Basically, Thomas Ligotti’s horror fiction differs from anything else you’ve read because he places his philosophy front and center in these stories. And while that philosophy (which is sort of nihilistic, but not exactly) won’t resonate with a lot of readers, he has developed a dedicated fan base over the last thirty-five years. One of those fans is Jon Padgett.* And Ligotti’s horror philosophy lives on in the debut collection of stories from this author.
It begins with “The Mindfulness of Horror Practice,” which is more of a thought experiment than a story. Basically, the author walks you through an exercise to place you in the right frame of mind to read the remainder of his collection. It’s quite telling that the collection DOES NOT end with a second primer detailing how to get yourself OUT of this state of mind.
“Murmurs of a Voice Foreknown” details the torments that a younger brother endures from his older sibling. While there is a bit of revenge that comes into play, the story is more concerned with the shift in thought that’s needed before revenge is possible than with the act itself. The basic lesson seems to be that we should be careful about whom we try to intimidate through fear, because fear can change people in unexpected ways.
“The Indoor Swamp” follows an admittedly lousy tourist attraction that grows progressively more disturbing as it continues.
“Origami Dreams” deals with the shifting nature of reality, tugging at the fear that we’ve all had from time to time that someone rearranges the universe in subtle ways when we’re not looking. Things we would have sworn to be true are revealed to never have happened and we have no memory of key events that everyone around us recalls.
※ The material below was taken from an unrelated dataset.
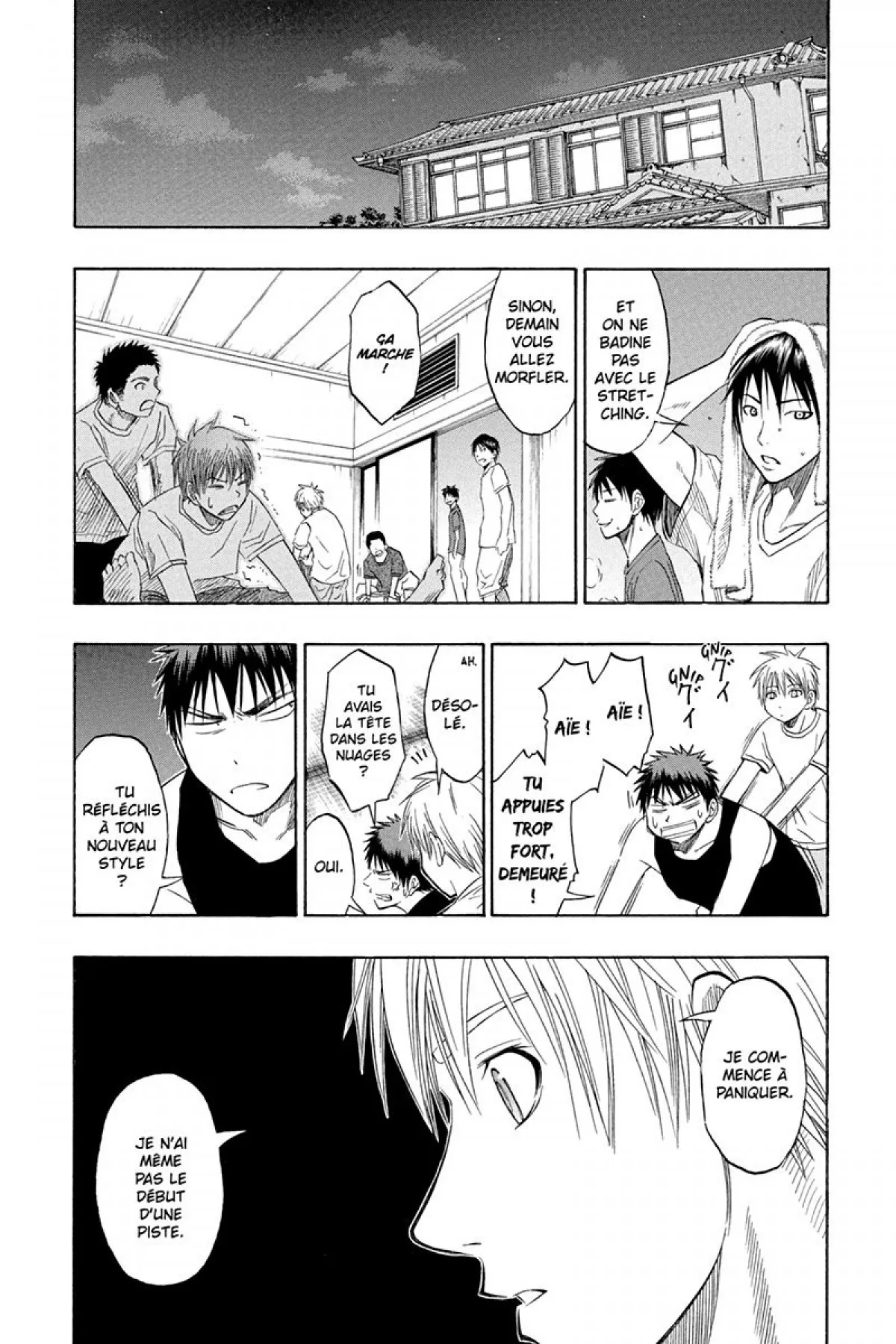 Read Kuroko no Basket fr Manga Online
It’s at this point in the collection when the reader begins to realize that each story actually builds on the others, producing a nightmarish layering effect.
“20 Simple Steps to Ventriloquism” starts as a typical instruction manual on ventriloquism and, for the first half-dozen steps, you might believe that the author has literally copied some old instruction booklet into a story collection. But then the steps begin to take an ominous turn as we are introduced to the concept of “Greater Ventriloquism” and the sacrifices that such a skill requires. This one is easiy the best story in the collection and deserves whatever awards it is sure to receive.
“The Infusorium” was originally published as a standalone chapbook and in many ways feels out of place compared to everything else in the book. A police officer is investigating a strange fog that’s making everyone in a papermill town sick, eventually unearthing a dark secret that goes back decades. While some of Padgett’s horror philosophy is presented here, it’s done in a way that removes us from the center, as if we’re observing the story from the outside rather than the inside. The result is the weakest story in the collection (which still happens to be good, just not as good as everything else that precedes and follows it).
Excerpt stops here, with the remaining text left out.